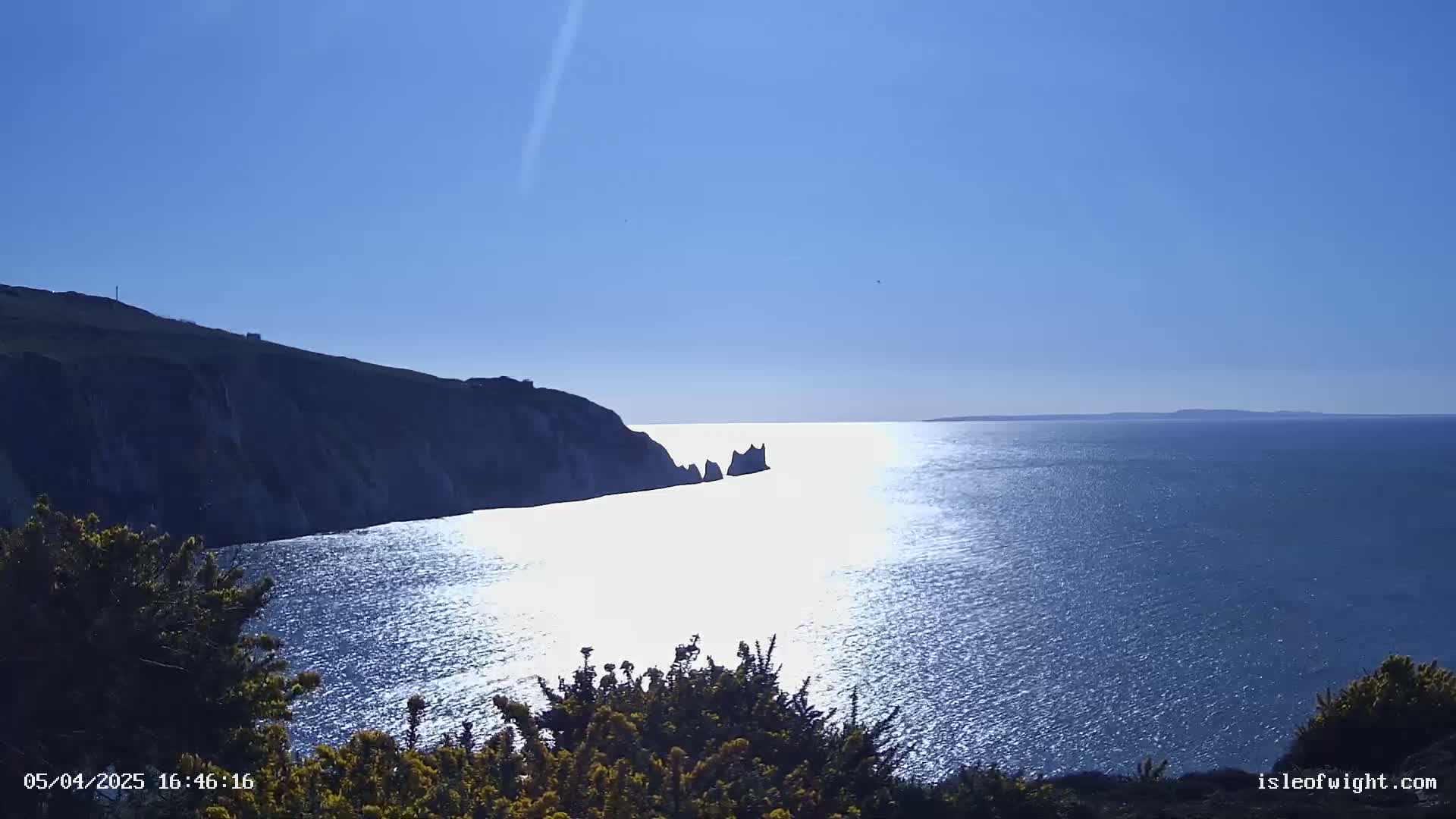 A sunny day reveals a scenic coastal view of a dark cliff overlooking a calm, sunlit ocean with a distant, small island or rock formation.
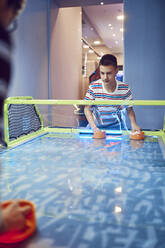 Jugendlicher spielt Airhockey in einer Spielhalle - ZEDF02678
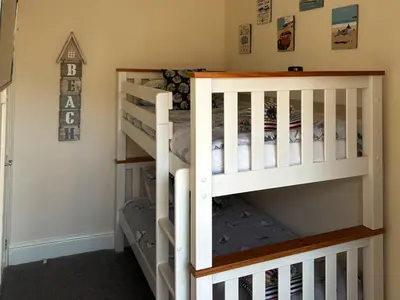 a bunk bed in a childs room at Seagull Cottage in Looe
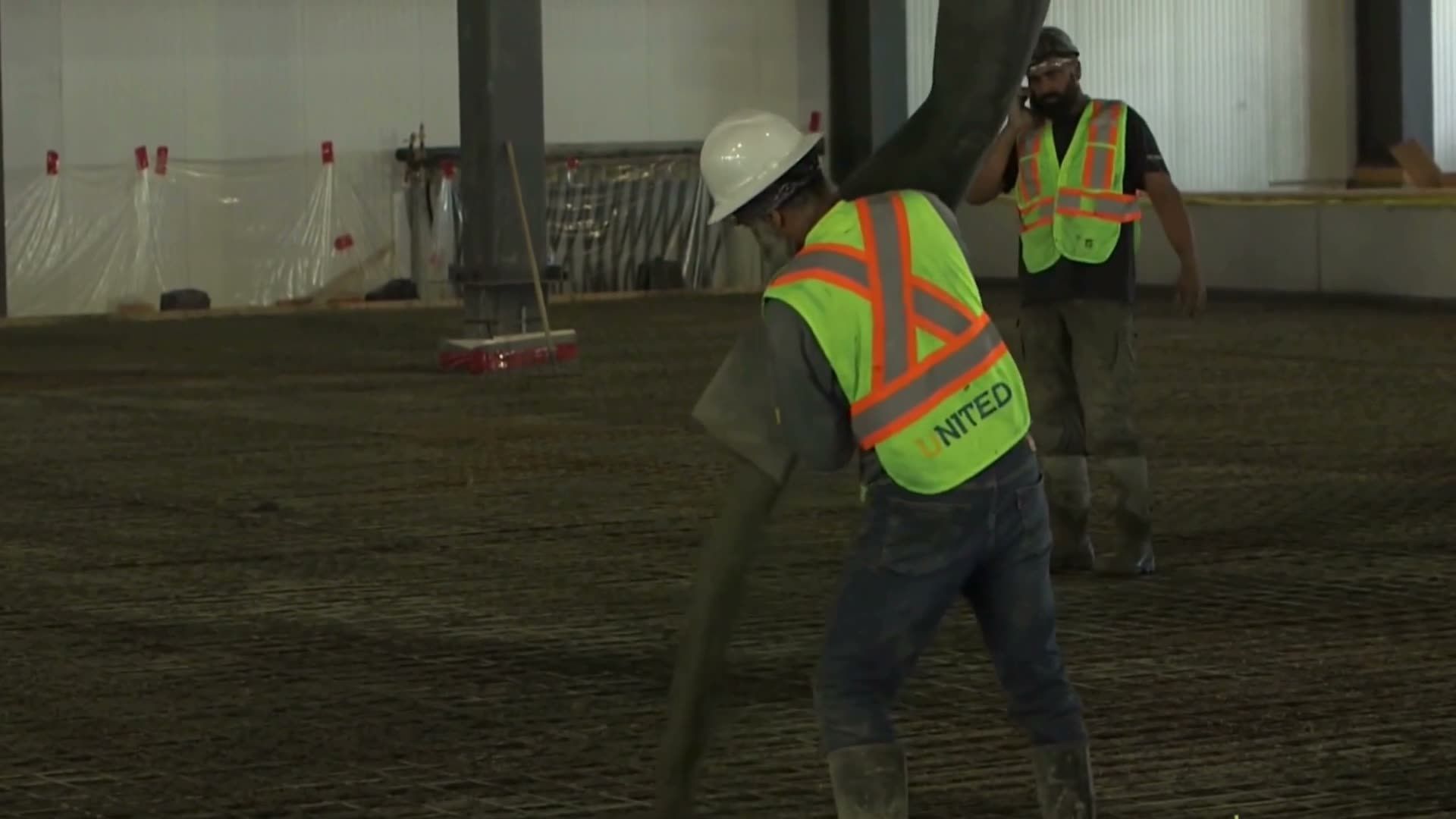 A laser screed head pulling fresh concrete level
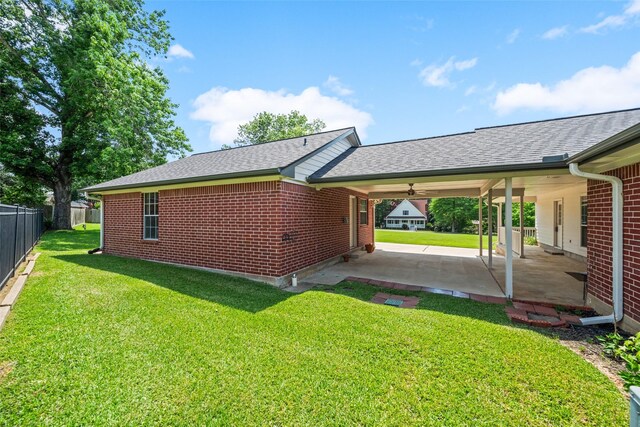 5224 Shorewood Dr, Willis, TX 77318 - view of property exterior featuring a patio area, brick siding, and a shingled roof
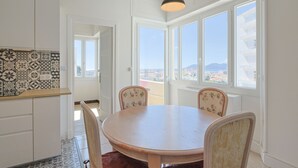 A dining area with a round table and chairs, large windows with a view, and patterned tile backsplash. - L Horizon in Cannes With 2 Bedrooms and 1 Bathrooms (Cannes)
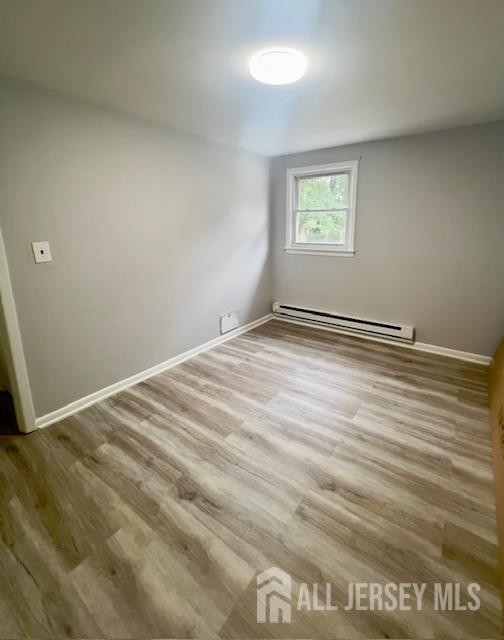 213 Temple Way, Unit 2 Colonia, NJ 07067 - Photo 14 of 16 a view of an empty room with a window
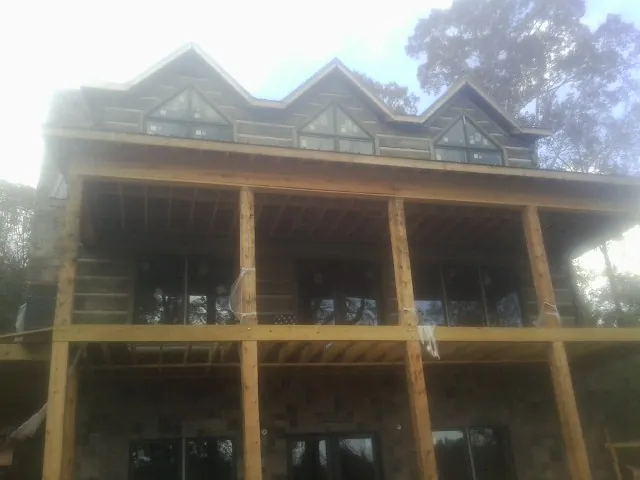 Dormers and porch framing on a large log home under construction — Roof Coating work by our crew in Crystal Springs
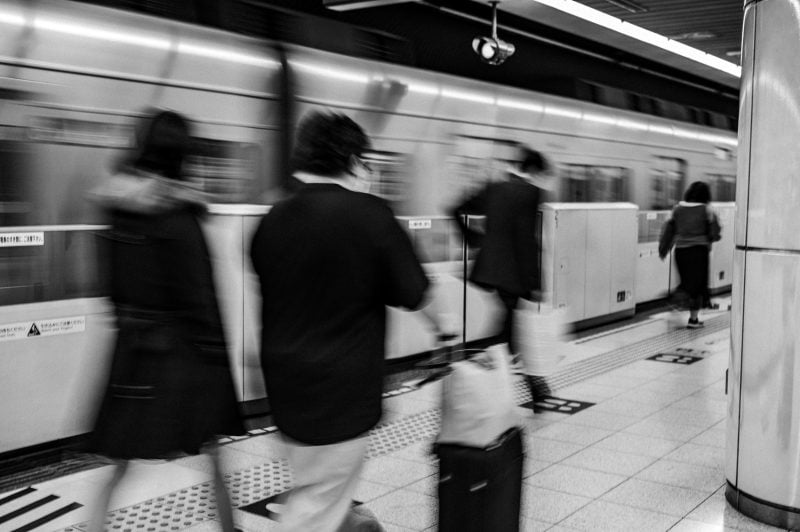 Slow Shutter black and white shot of crowd exiting train in Japan.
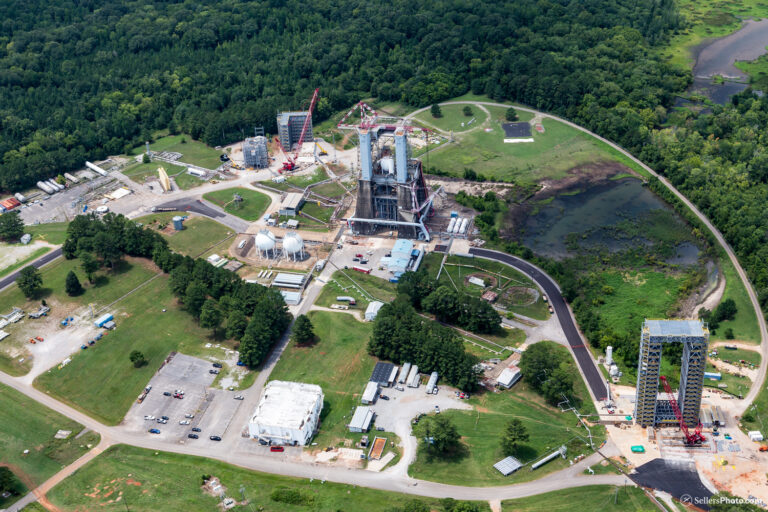 Aerial view of a space launch complex, showcasing Brasfield & Gorrie's role in space exploration infrastructure and vehicles under clear skies.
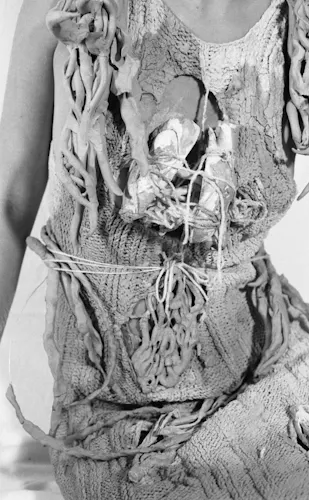 A ceramic aand wool knit dress is pictured as a black and white image. There are several protruding ceramic pieces coming from the dress. The dress is on a person, and the person is leaning slightly towards the viewer.
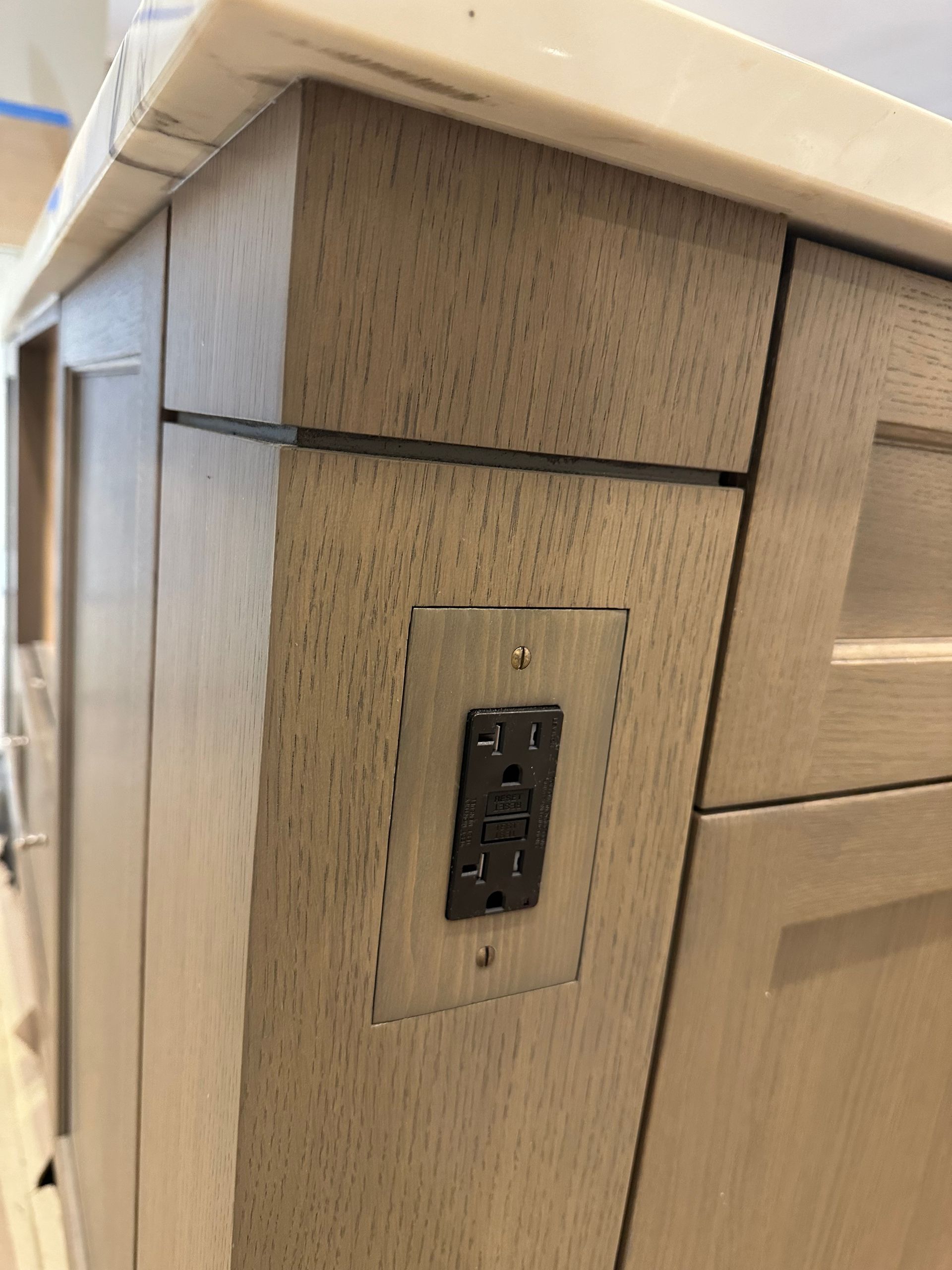 A close up of a electrical outlet on the side of a cabinet.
::::
→ **WHAT IS NEEDED**: Pictures are to be left out; everything else in the records gets retyped exactly.

→ **WRITTEN SOLUTION**:
 A sunny day reveals a scenic coastal view of a dark cliff overlooking a calm, sunlit ocean with a distant, small island or rock formation.
 Jugendlicher spielt Airhockey in einer Spielhalle - ZEDF02678
 a bunk bed in a childs room at Seagull Cottage in Looe
 A laser screed head pulling fresh concrete level
 5224 Shorewood Dr, Willis, TX 77318 - view of property exterior featuring a patio area, brick siding, and a shingled roof
 A dining area with a round table and chairs, large windows with a view, and patterned tile backsplash. - L Horizon in Cannes With 2 Bedrooms and 1 Bathrooms (Cannes)
 213 Temple Way, Unit 2 Colonia, NJ 07067 - Photo 14 of 16 a view of an empty room with a window
 Dormers and porch framing on a large log home under construction — Roof Coating work by our crew in Crystal Springs
 Slow Shutter black and white shot of crowd exiting train in Japan.
 Aerial view of a space launch complex, showcasing Brasfield & Gorrie's role in space exploration infrastructure and vehicles under clear skies.
 A ceramic aand wool knit dress is pictured as a black and white image. There are several protruding ceramic pieces coming from the dress. The dress is on a person, and the person is leaning slightly towards the viewer.
 A close up of a electrical outlet on the side of a cabinet.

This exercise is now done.